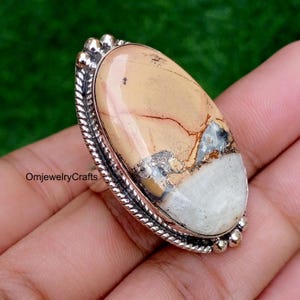 May include: An oval-shaped ring featuring a large, smooth, multi-coloured stone with beige, white, and dark grey inclusions. The stone is set in a polished silver-tone metal frame with a twisted rope border and small decorative silver spheres.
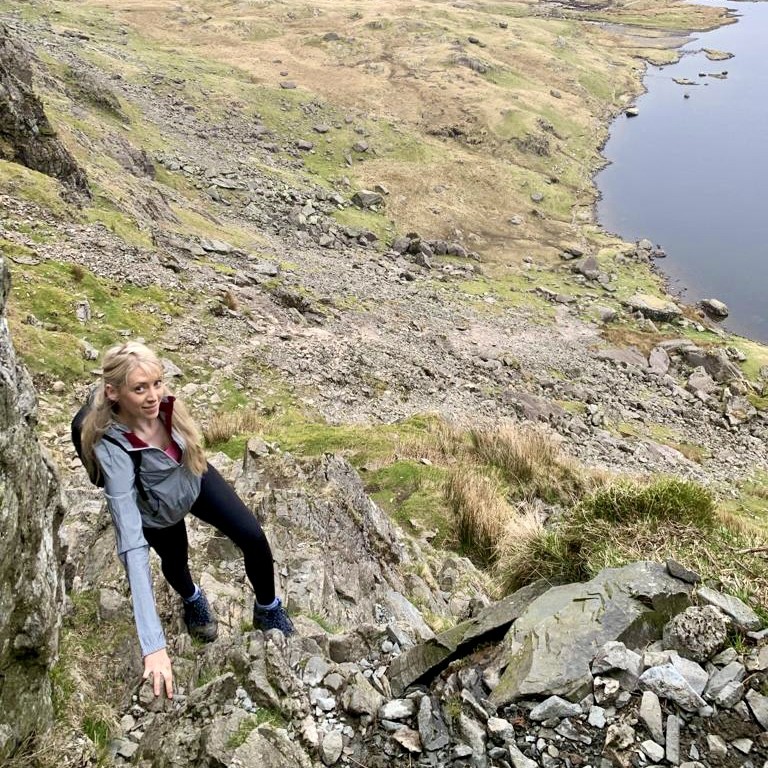 A woman climbing Jack's Rake in Langdale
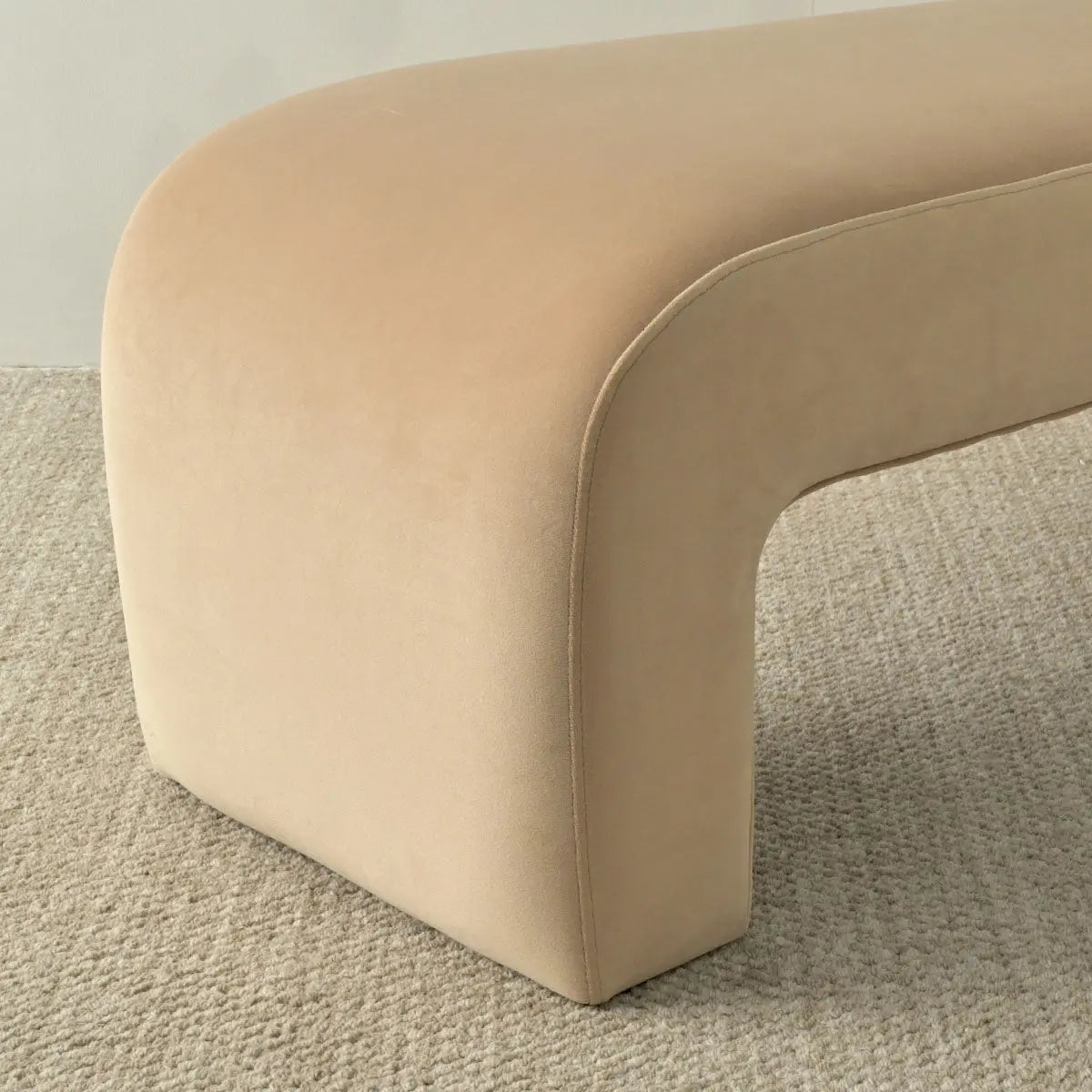 Cream-colored Lily Modern Velvet Accent Waterfall Bench on textured carpet in minimalist room setting.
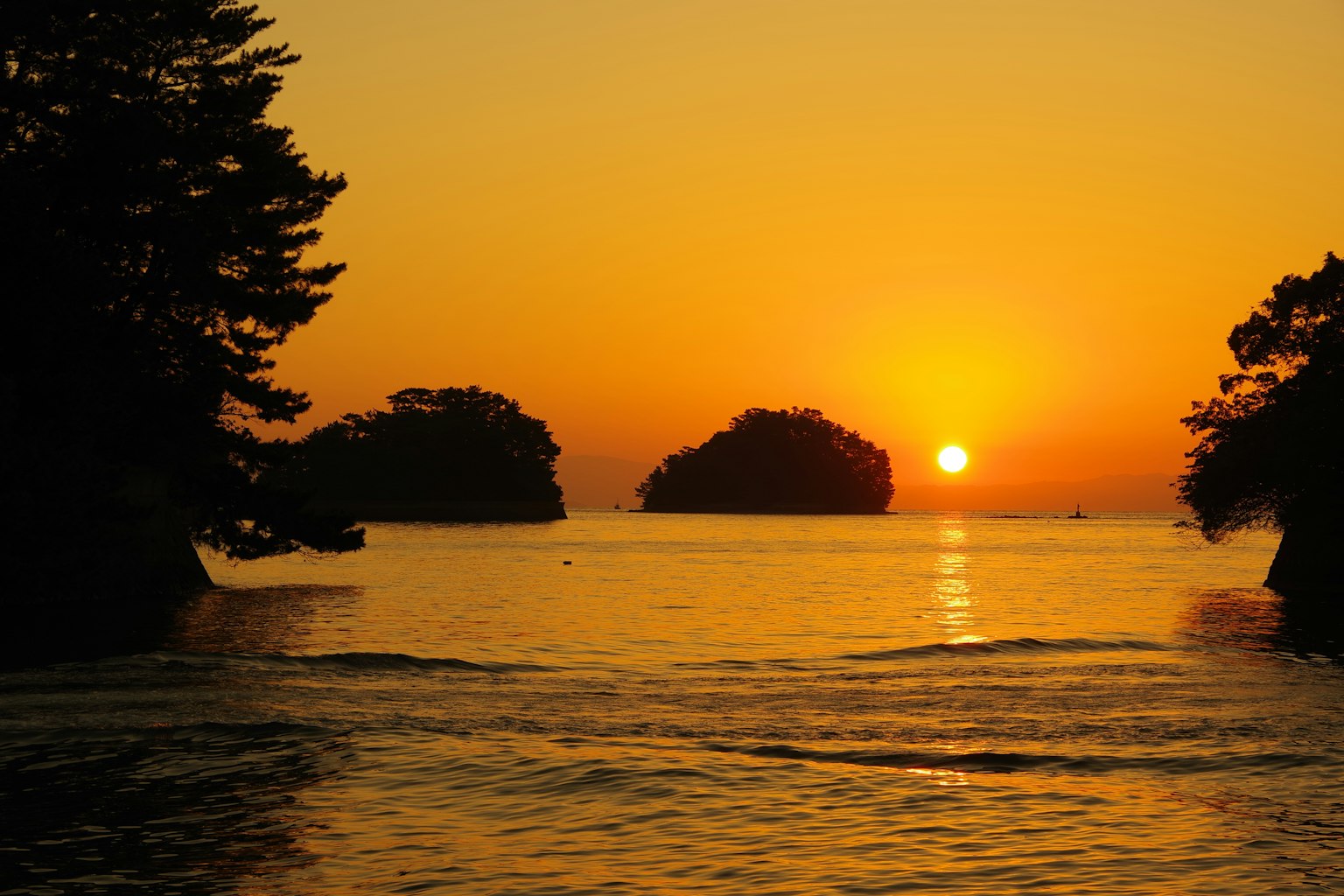 Ein wunderschöner Sonnenuntergang über dem Meer mit silhouettierten Inseln im Hintergrund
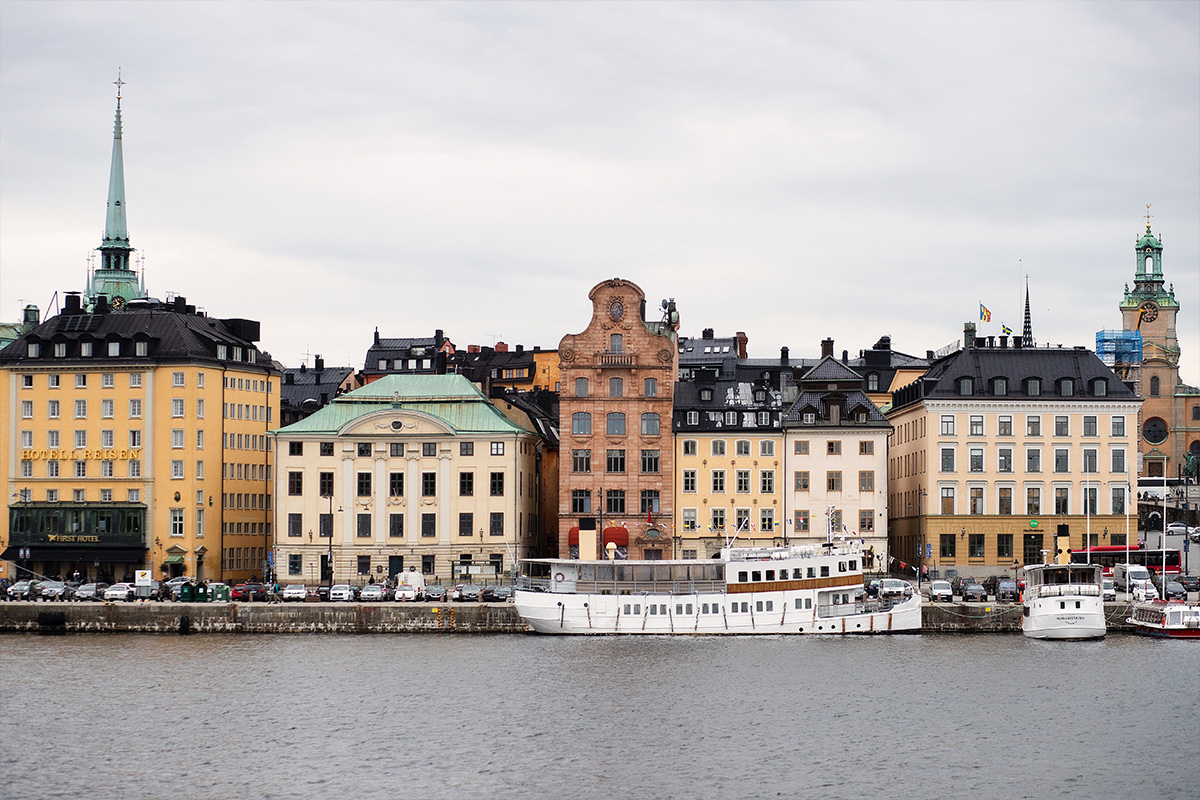 An image of beautiful old architecture sitting by the river in central Sweden.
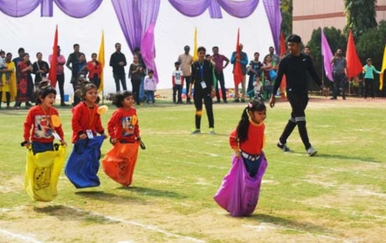 Students running in a school athletics activity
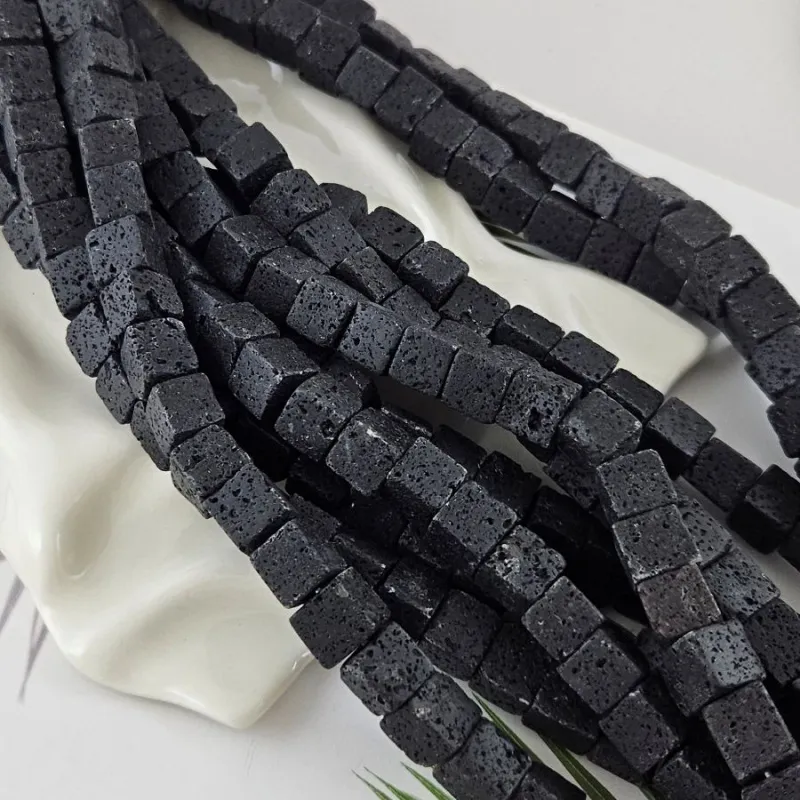 Нить 19 см Лава натуральная бусины куб ок. 10-11 мм черный (4559-10) купить в Воронеже | Заказать в интернет-магазине Viva Beads
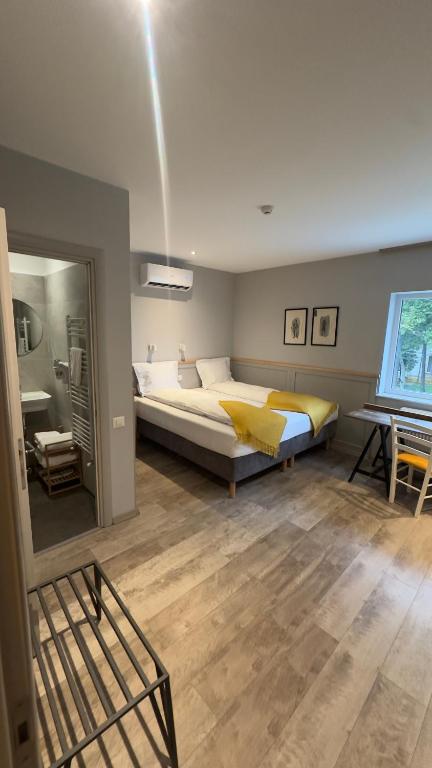 a bedroom with a large bed in a room at Villa Piazzetta in Bacău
※
* **Try it**
Pictures in the records are to be left out; repeat everything else exactly.

* **Response box**
 May include: An oval-shaped ring featuring a large, smooth, multi-coloured stone with beige, white, and dark grey inclusions. The stone is set in a polished silver-tone metal frame with a twisted rope border and small decorative silver spheres.
 A woman climbing Jack's Rake in Langdale
 Cream-colored Lily Modern Velvet Accent Waterfall Bench on textured carpet in minimalist room setting.
 Ein wunderschöner Sonnenuntergang über dem Meer mit silhouettierten Inseln im Hintergrund
 An image of beautiful old architecture sitting by the river in central Sweden.
 Students running in a school athletics activity
 Нить 19 см Лава натуральная бусины куб ок. 10-11 мм черный (4559-10) купить в Воронеже | Заказать в интернет-магазине Viva Beads
 a bedroom with a large bed in a room at Villa Piazzetta in Bacău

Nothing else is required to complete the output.